ＬＭＷ－ＨＡはまた、樹状細胞（ＤＣ）の活性化および成熟を促進し（Ｔｅｒｍｅｅｒ，Ｃ．ｅｔａｌ．，Ｊ．Ｅｘｐ．Ｍｅｄ．２００２；１９５：９９－１１１）、複数の細胞型によるＩＬ－１、ＴＮＦ－α、ＩＬ－６、およびＩＬ－１２等の炎症促進サイトカインの放出を駆動し（Ｂｏｌｌｙｋｙ，Ｐ．Ｌ．ｅｔａｌ．，Ｊ．Ｉｍｍｕｎｏｌ．２００７；１７９：７４４－７４７、Ｂｏｌｌｙｋｙ，Ｐ．Ｌ．ｅｔａｌ．，Ｐｒｏｃ．Ｎａｔｌ．Ａｃａｄ．Ｓｃｉ．ＵＳＡ２０１１；１０８：７９３８－７９４３）、ケモカイン発現および細胞輸送を駆動し（ＭｃＫｅｅ，Ｃ．Ｍ．ｅｔａｌ．，Ｊ．Ｃｌｉｎ．Ｉｎｖｅｓｔ．１９９６；９８：２４０３－２４１３）、増殖（Ｓｃｈｅｉｂｎｅｒ，Ｋ．Ａ．ｅｔａｌ．，Ｊ．Ｉｍｍｕｎｏｌ．２００６；１７７：１２７２－１２８１）および血管新生（Ｋｕｉｐｅｒｓ，Ｈ．Ｆ．ｅｔａｌ．Ｐｒｏｃ．Ｎａｔｌ．Ａｃａｄ．Ｓｃｉ．ＵＳＡ２０１６；１１３：１３３９－１３４４）を促進する。

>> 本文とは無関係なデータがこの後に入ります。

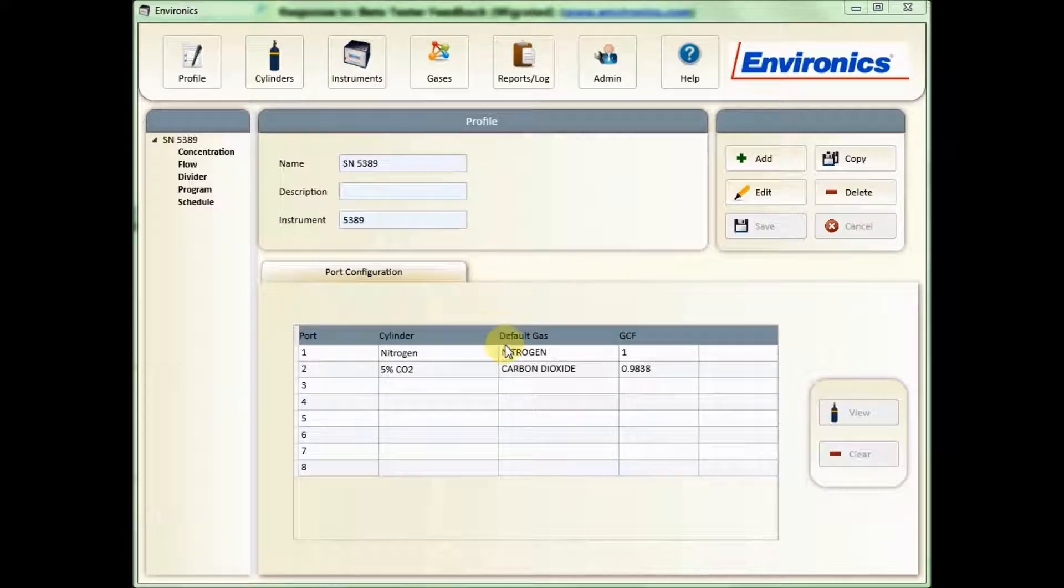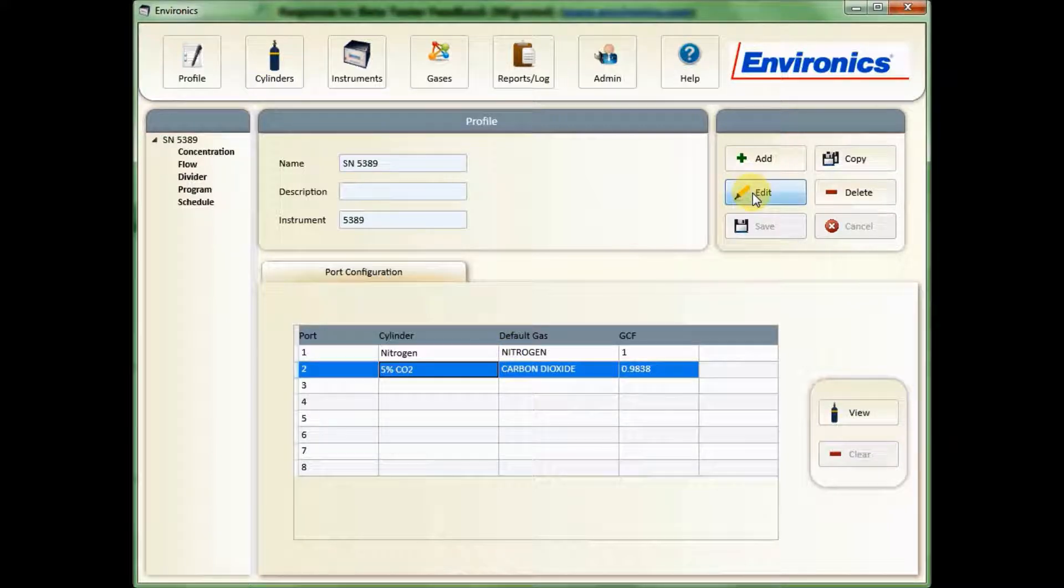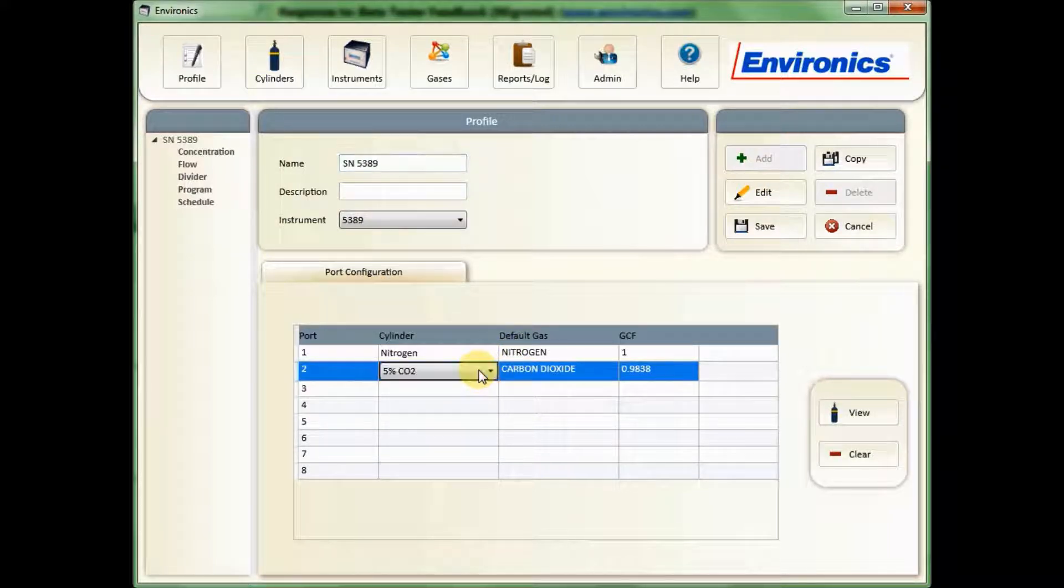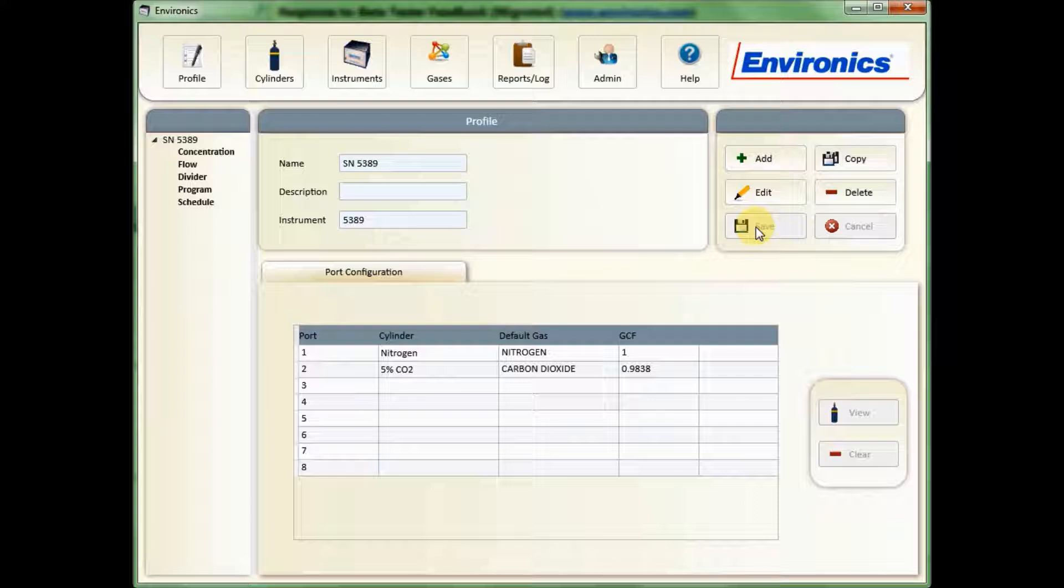Also, if you're looking to edit the profile, for example, to change the gases, you need to click on Edit, and then you can double click on your cylinder to change that to a different cylinder to move them around. And then just click Save again when you're finished.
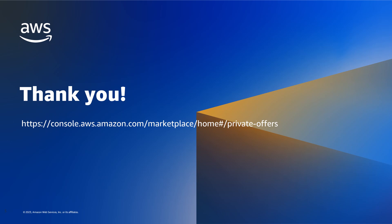Thanks for viewing how to identify Private Offers extended to your account. View your offers now at the following link.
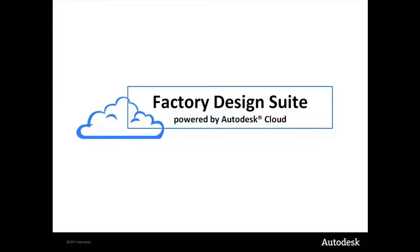In this video, I'm going to show you how to view your factory layouts on your mobile device using Autodesk Cloud.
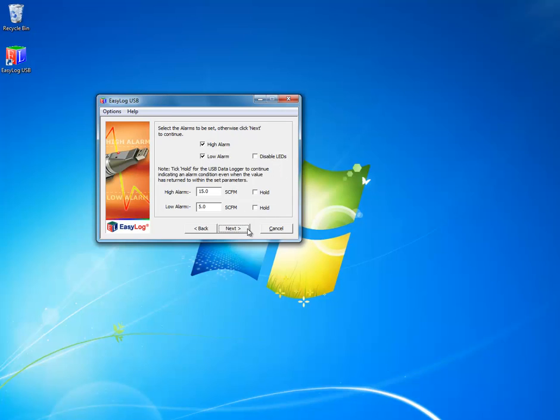The next screen shows the alarm values. These are high and low values over or under which you would like to be aware of a flow value. You can set these wherever you like and then click next.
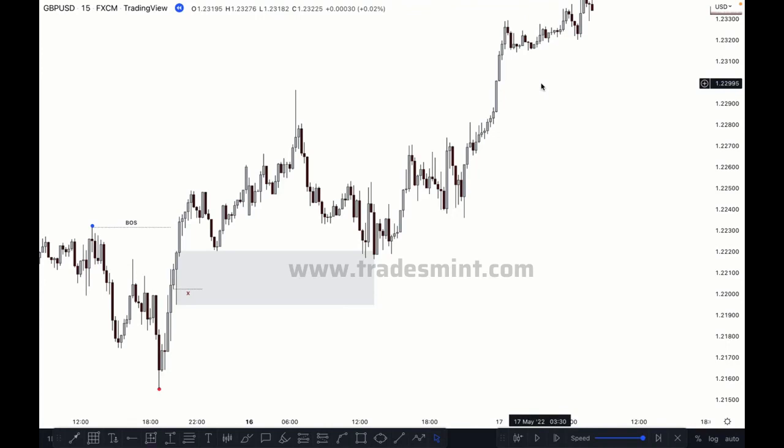These are the things you have to understand — how to correctly mark order block, imbalance, IFC, and break of structure. I hope you learned a lot of new value in this episode. In the next chapter, I will talk about what is SMC, what are retailers, how and why they fail. Let's switch to the next chapter — thank you.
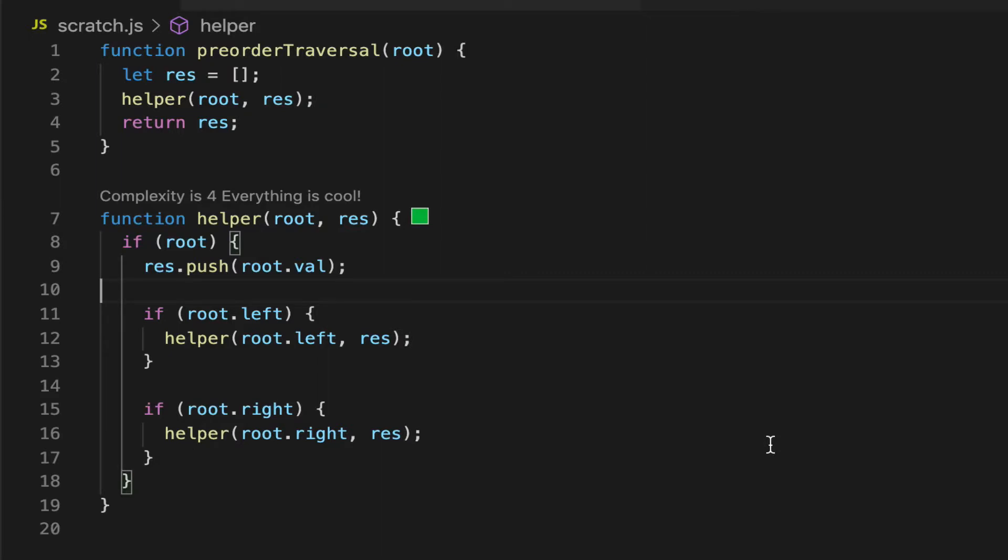We typically go through a diagram or a visualization to properly understand the code before moving on to implementation. But in this case, I think it actually makes more sense to look at the implementation first and then see how it operates on an actual tree. So let's take a look at pre-order traversal.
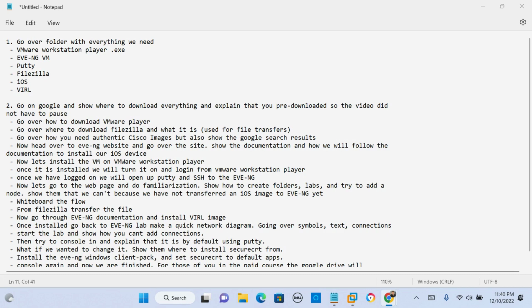Now if you're like me and you like free courses on YouTube and you like to build your own labs, you're gonna want to watch this whole video because in this video we're gonna go through a complete setup of EVE-NG on Windows 11 using VMware Workstation Player.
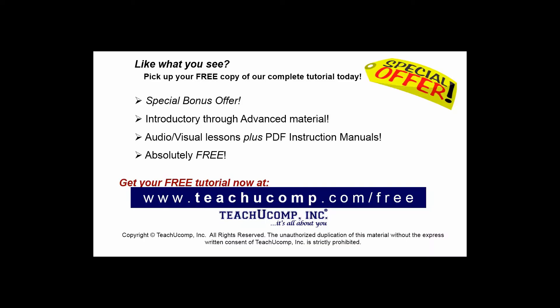Like what you see? Pick up your free copy of the complete tutorial at www.teachucomp.com forward slash free.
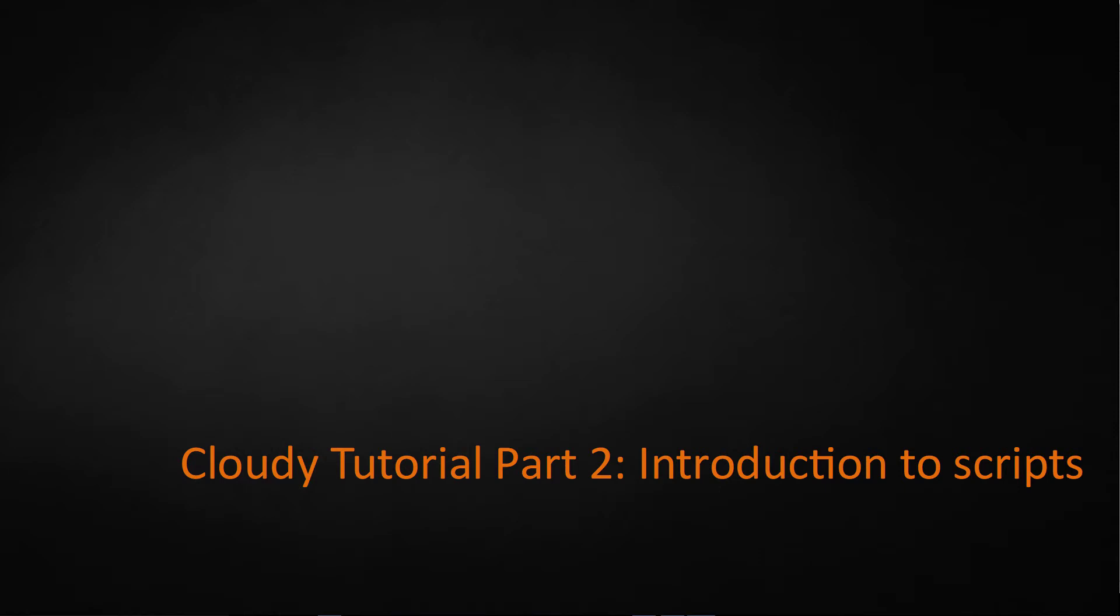Hello everyone, in this video we are going to learn how to use Cloudy to model a star formation region.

最近、ＨＡ堆積物は最近発症したＴ１Ｄを有する個体の膵島内に蓄積し、これらの堆積物がインスリン炎部位に存在したことが報告された（Ｂｏｇｄａｎｉ，Ｍ．ｅｔａｌ．Ｄｉａｂｅｔｅｓ，２０１４；６３：２７２７－２７４３）。同様のＨＡ堆積は、１型糖尿病の動物モデルにおいて観察された（Ｎａｇｙ，Ｎ．ｅｔａｌ．，Ｊ．Ｃｌｉｎ．Ｉｎｖｅｓｔ．２０１５；１２５（１０）：３９２８－３９４０）。このＨＡは、分解代謝性の、低分子量ＨＡの断片からなる（ＬＭＷ－ＨＡ）。ＨＡ過剰発現およびＨＡ断片は特に炎症を駆動することが知られているため（Ｏｌｓｓｏｎ，Ｍ．，ｅｔａｌ．，ＰＬｏＳＧｅｎｅｔ．２０１１；７（３）：ｅ１００１３３２）、Ｙｏｓｈｉｏｋａ，Ｙ．ｅｔａｌ．，ＡｒｔｈｒｉｔｉｓＲｈｅｕｍ．２０１３；６５：１１６０－１１７０）、理論に束縛されることを望まずに、ＨＡは１型糖尿病の病因を駆動することが可能である。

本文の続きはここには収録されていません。